Here is our story:
Russ and I met 3/97, moved in together 5/97, got engaged 9/97, and then eloped to Disneyland a month later! We knew we were meant for each other just about on our first date. We never told anyone about the elopement and had a big, formal wedding 9 months later in July of 98.
After we got back from our honeymoon, like Tammy, we thought, oh, this baby stuff is going to take at least 6 months (I had quite a few friends who took years to get pregnant) so we just went for it and don't ya know, got pregnant the first month! I was pretty sick most of the first 3 months and then everything was smooth sailing. My in-laws arrived on my due date and spent the next week starting at me and asking me every 5 minutes if I was feeling any contractions. I couldn't take it any more and decided to be induced 6 days after my due date. 10 hours later, Adam Raymond came into the world.

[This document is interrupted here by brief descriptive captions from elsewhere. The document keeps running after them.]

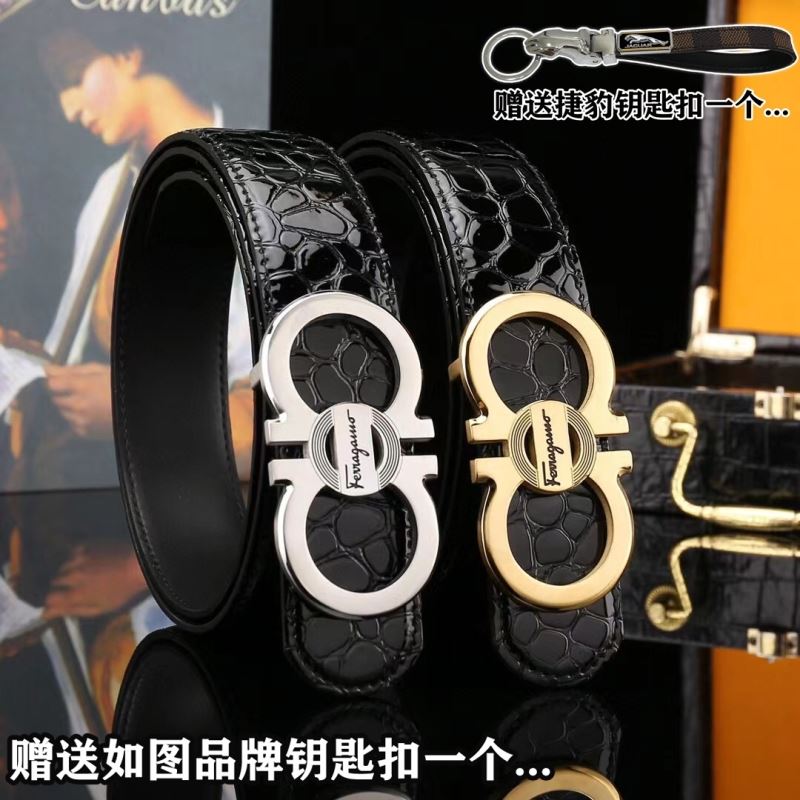 Ferragamo Belts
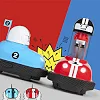 Игровой набор Sharper Image Road Rage speed bumpers Sharper (1240000481)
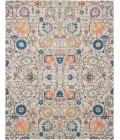 Nourison Passion Area Rug PSN01-Ivory/Multi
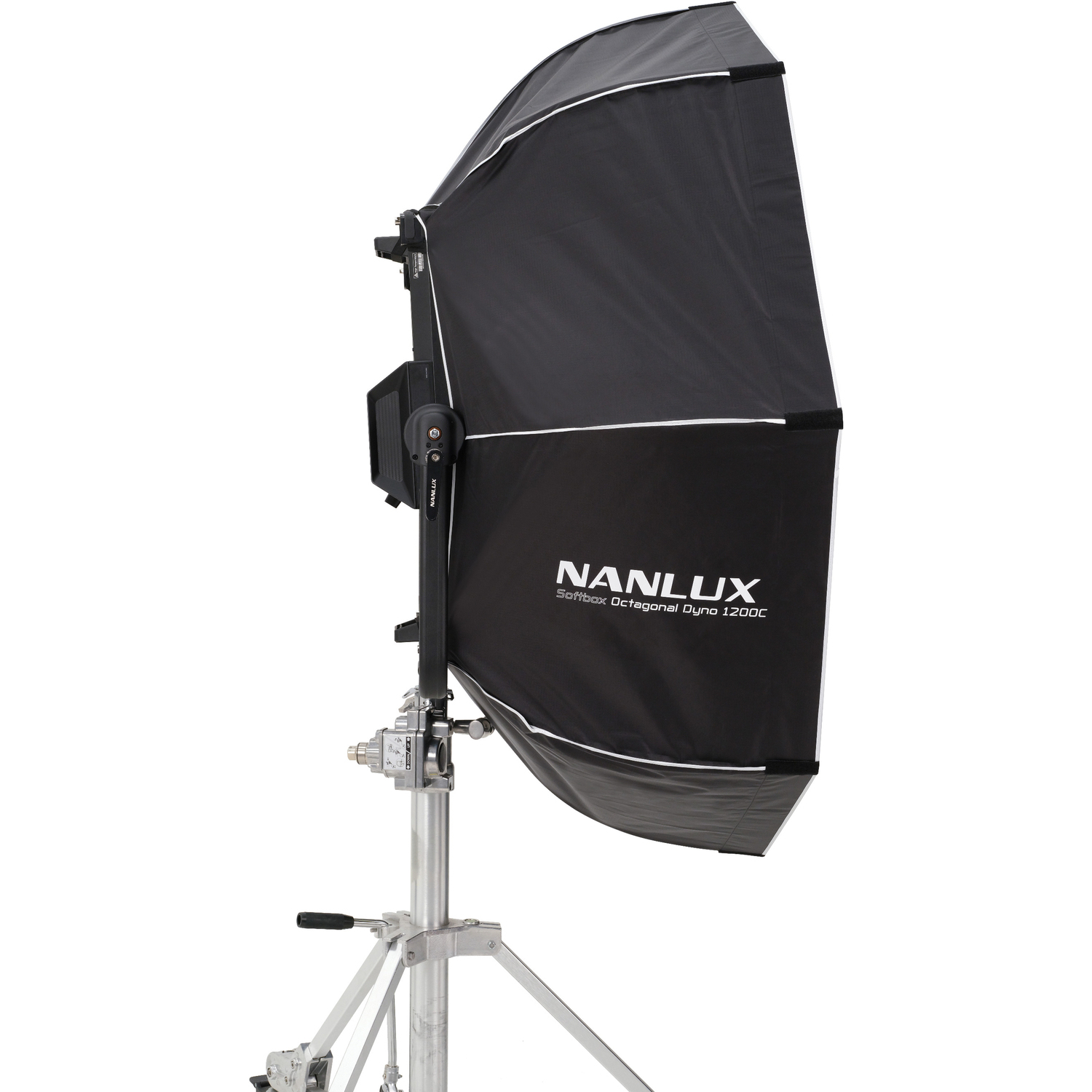 Nanlux SB-DN1200C-O+EC Oktagonal-Softbox, 152cm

At first, everything seemed fine and then the nurse didn't like the way he was breathing so off he went to the NICU with dh hot on his heals. He was born at 10:00 PM so after I was moved to my room, I fell asleep. I was awakened at 3:00 AM by dh crying. Adam was very ill with meconium asperation. For the next 48 hours, they could not tell us if he would live. His system had to clear it all out and then he had to be weaned from the respirator and introduced to food. For 7 days we raced back and forth to the hospital so that I could feed him every 2 hours. By then we knew he would be OK and we could finally celebrate this new life. It was absolutely the worst few days of my life.
When we got him home, he was a perfect angel for the first 6 weeks. Then it was if he suddenly realized that someone would do something for him when he cried and that was it. He cried non-stop for the next 8 weeks. I thought I was going to go out of my mind. I was also feeling horribly guilty. When he was in the NICU on the respirator, I had prayed that he would survive and that if he did, I would never mind his crying. That lasted about a day!
At about 10 weeks I discovered the fussy baby book and I finally embraced this crying, sobbing, sweating child. Up until then I felt like I was just going through the motions and that the daycare people would take him off my hands once I went back to work. I had it all planned out. And then something happened. I fell in love with him and I thought, if I have a hard time keeping myself from hurting him, what will someone else do to him? He had to be held constantly and rocked to sleep for every nap. The day we went to visit the daycare center when he was 4 month was a huge change of life for us. We left knowing that we had to do whatever it was going to take for me to stay home with him.
I resigned that day and started to make plans to move to NJ (we were living in CA). It was too expensive to live there on one salary and my family was in NJ. 4 months later, we arrived in NJ with all kinds of thoughts of playgroups, mom and me outings, and co-op babysitting. As usual, Adam had other plans. He developed an intense fear of other children and I became just as isolated as I had been in CA. That's when I found this board and all of you wonderful,supportive ladies.
Adam will be 15 months old tomorrow. His fears are lessening and I've started to feel like a normal person again. I have actually started making plans because I can see beyond this minute, this hour, this day, for the first time in a long time.
Nancy & Adam
UPDATE (MAY 2004)
When I left off, Adam was 15 months old. I had written about his fear of other children, but at the time, I thought that his fears were lessening. Around 18 months, old his fears came back with a vengence and we had to quit gymboree and music class. Around that time, I also noticed that he wasn't able to follow simple commands. After posting about his issues on the HN board, someone posted a list of red flags for autism. To my complete shock, Adam met almost all of the symptoms. I immediately had him evaluated by early intervention and a developmental pediatrician and he was diagnosed with autism spectrum disorder. I was incredibly sad and frightened, but I was also detemined to find the best treatment possible. At the time, he was evaluated at being in the 6-8 month range for language, social skills, and cognitive ability. I was able to get him into one of the best programs in the country and he began to slowly make progress. He said his first word right after his second birthday. It took significantly longer for him to overcome his social fears but slowly, even that began to improve.
It has been a long 3 years but as he approaches his 5th birthday, he has blossomed into an amazing little boy. He speaks in full sentences and enjoys the company of other children. He still faces some challenges and continues to keep us on our toes, but all in all, I couldn't be more proud of my little boy! I don't spend much time on the HN board any longer. Being board host of the Parenting a Child with Autism Spectrum Disorder keeps me very busy! I also returned to work fulltime last year. My husband is now a stay-at-home dad and doing very well. It was a difficult transition after having been home with Adam for the first 4 years of his life but we've now settled into a routine. I have great hope for his future.